L'armée électronique syrienne (SEA), comme elle l'a déjà fait à maintes reprises, a piraté vers la fin de la semaine dernière des comptes de médias sociaux appartenant à CNN dont sept comptes Twitter et deux comptes Facebook.

CNN a reconnu dans un communiqué publié vendredi matin que des comptes avaient été piratés, mais la chaîne d'informations en continu a toutefois insisté sur le fait que les membres de la SEA, ce groupe de pirates qui supporte le régime syrien, n'avaient eu accès aux comptes que pendant quelques minutes et que la sécurité avait été vite rétablie.

Microsoft a publié un communiqué dans le même ton vendredi et a reconnu que des comptes de médias sociaux et de messagerie de certains de ses employés avaient été victimes d'attaques de phishing.

Les comptes Twitter du blog Security Clearance de CNN ainsi que des blogs des émissions Political Ticket, The Lead, The Situation Room et Crossfire ont été piratés tandis que les pages Facebook de CNN et Security Clearance ont également été attaquées.

Ce sont les informations diffusées lundi par CNN pour dénoncer "la torture et les assassinats systématiques" pratiqués à l'échelle industrielle par le régime du président syrien Bashar al-Assad qui ont provoqué la colère de la SEA. Des représentants du ministère de la Justice syrien ont réfuté les informations mercredi en estimant que les photos présentées étaient "fausses", ce qui a amené CNN à imprimer un errata. Cela n'a toutefois pas empêché la SEA de pirater les comptes le jeudi.

Après l'attaque, la SEA s'en est pris à l'agence de presse sur son compte Twitter officiel en déclarant qu'elle ne "cesserait jamais de poursuivre ces menteurs afin de les nommer et de dévoiler leurs méthodes.”

“Ce soir, la #SEA a décidé de riposter au reportage #CNN tissé de vicieux mensonges qui ne visaient qu'à prolonger la souffrance en #Syrie” pouvait-on lire dans un autre tweet.

De son côté, Adrienne Hall, la directrice générale du Trusworthy Computing Group de Microsoft, publiait vendredi un billet dans son blog dans lequel elle admettait qu'un "petit nombre d'employés" de Microsoft s'était laissé surprendre par des attaques de phishing qui avaient permis aux pirates d'accéder à des comptes de médias sociaux et de messagerie.

La société affirmait que des "documents associés à des demandes des autorités policières et judiciaires", en d'autres termes des informations probablement destinées à un des rapports semestriels de Microsoft sur la transparence, avaient été la cible du piratage.
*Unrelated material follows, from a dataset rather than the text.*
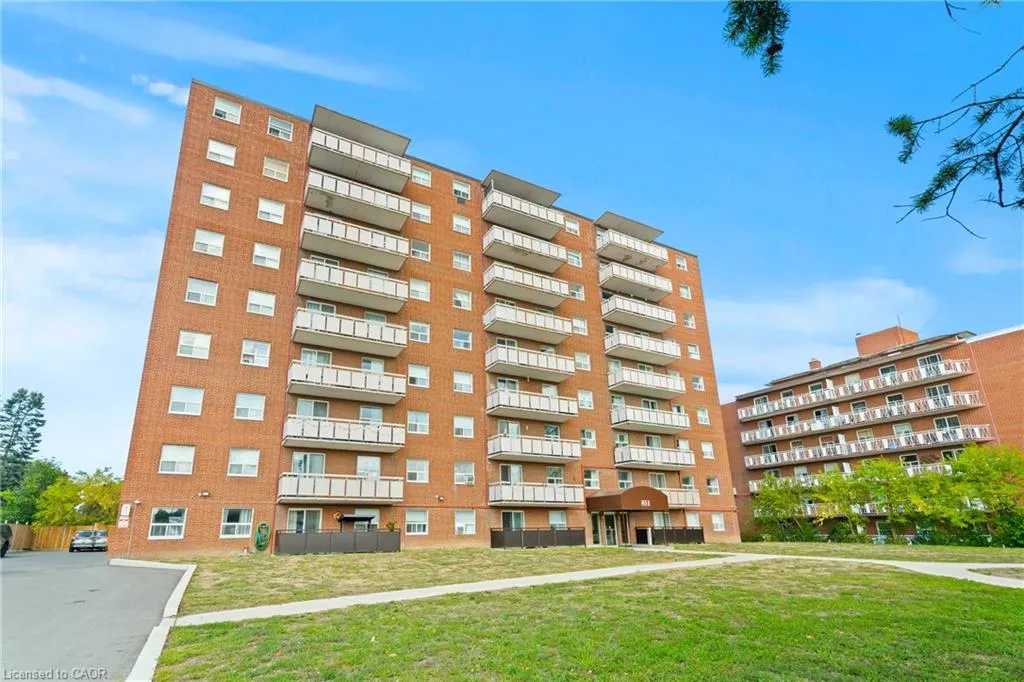 851 Queenston Road, #505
Le billet d'Adrienne Hall était avare en détails sur les attaques et n'évoquait ni le type d'attaque de phishing, ni la "validité" des messages ou des documents volés.
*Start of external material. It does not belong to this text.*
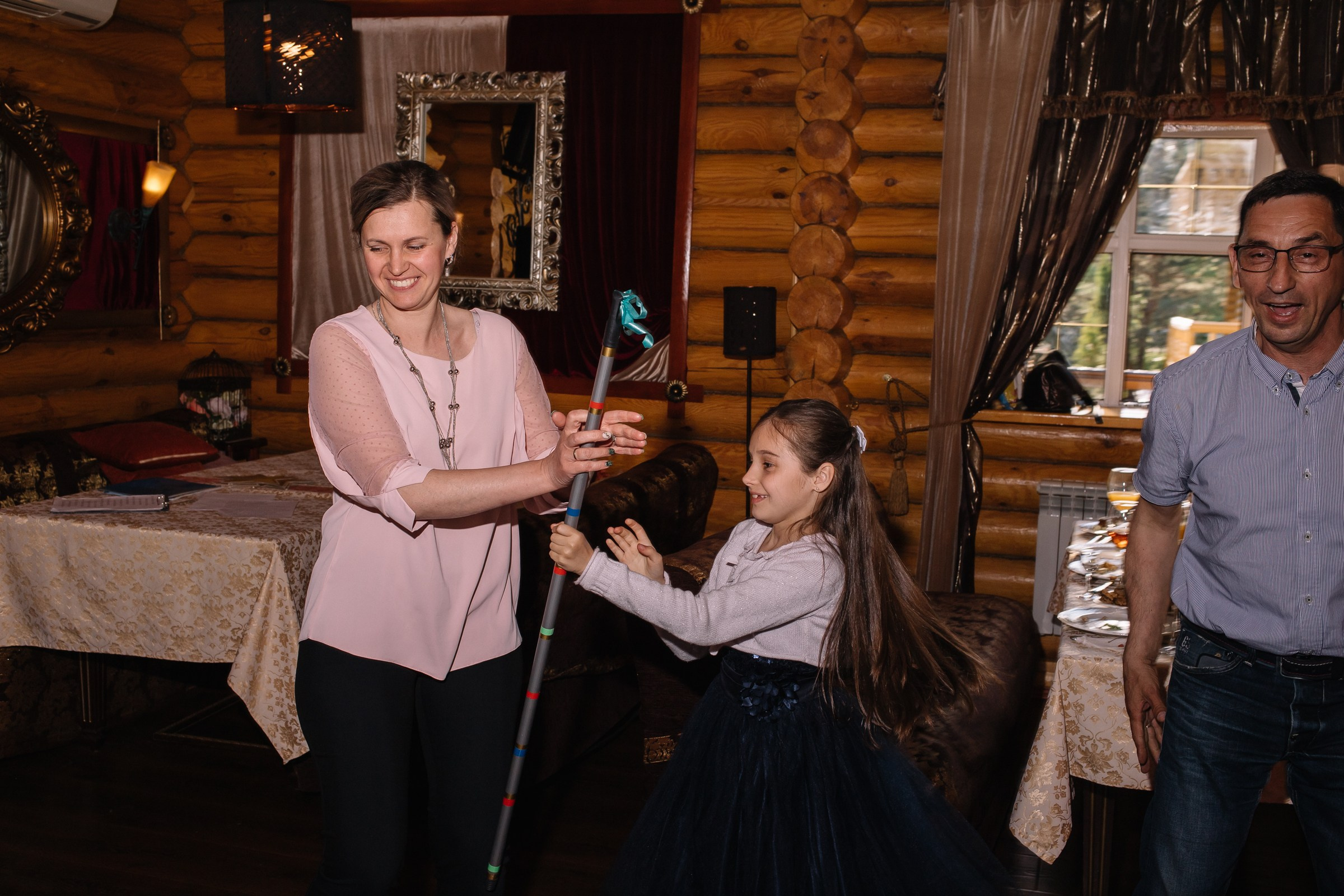 Юбилеи. Портретный и семейный фотограф в Брянске Журавкова Юлия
On pourrait penser que le communiqué de Microsoft est vague, mais cette admission des faits se produit quelques semaines seulement après que la SEA avait piraté une poignée d'entités de médias sociaux de Microsoft afin de diffuser son message d'opposition à la surveillance, ce qui laisse penser que les deux incidents pourraient être liés.
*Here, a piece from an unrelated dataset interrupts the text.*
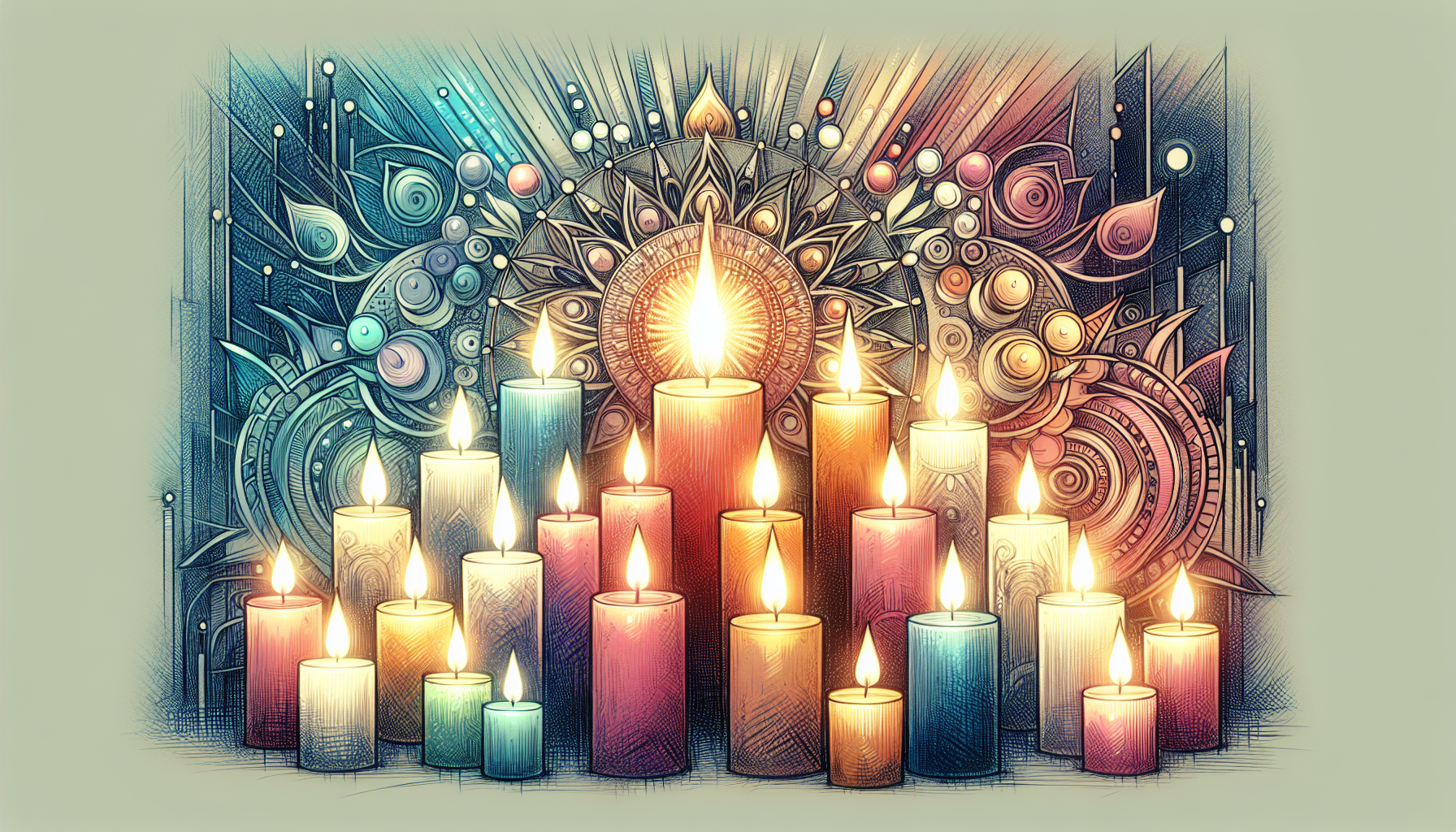 Candle Spiritual Meaning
Adrienne Hall affirme que l'enquête de Microsoft est en cours. Toutefois, s'il s'avérait que des informations des clients impliquant ces rapports avaient été compromises, Microsoft "adopterait les mesures adéquates".

La SEA a piraté le compte Twitter de Skype le jour de l'An afin d'exprimer son mécontentement par rapport à la société mère Microsoft et à son implication présumée dans les activités de surveillance de la NSA. Le groupe s'en est également pris aux comptes Twitter et Instagram de l'assistance Xbox de Microsoft (@XBoxSupport) et de son blog d'informations officiel, @MSFTNews, juste une semaine plus tard pour diffuser des remarques similaires à peu près similaires.

La SEA a bien entendu été à l'origine d'une vague d'attaques contre Twitter, d'attaques DDoS et d'opérations de justicier sur Internet au cours des dernières années.  C'est elle qui a organisé les attaques qui ont fait beaucoup parler d'elles contre le New York Times, le Washington Post l'université de Harvard, pour ne citer que quelques cibles.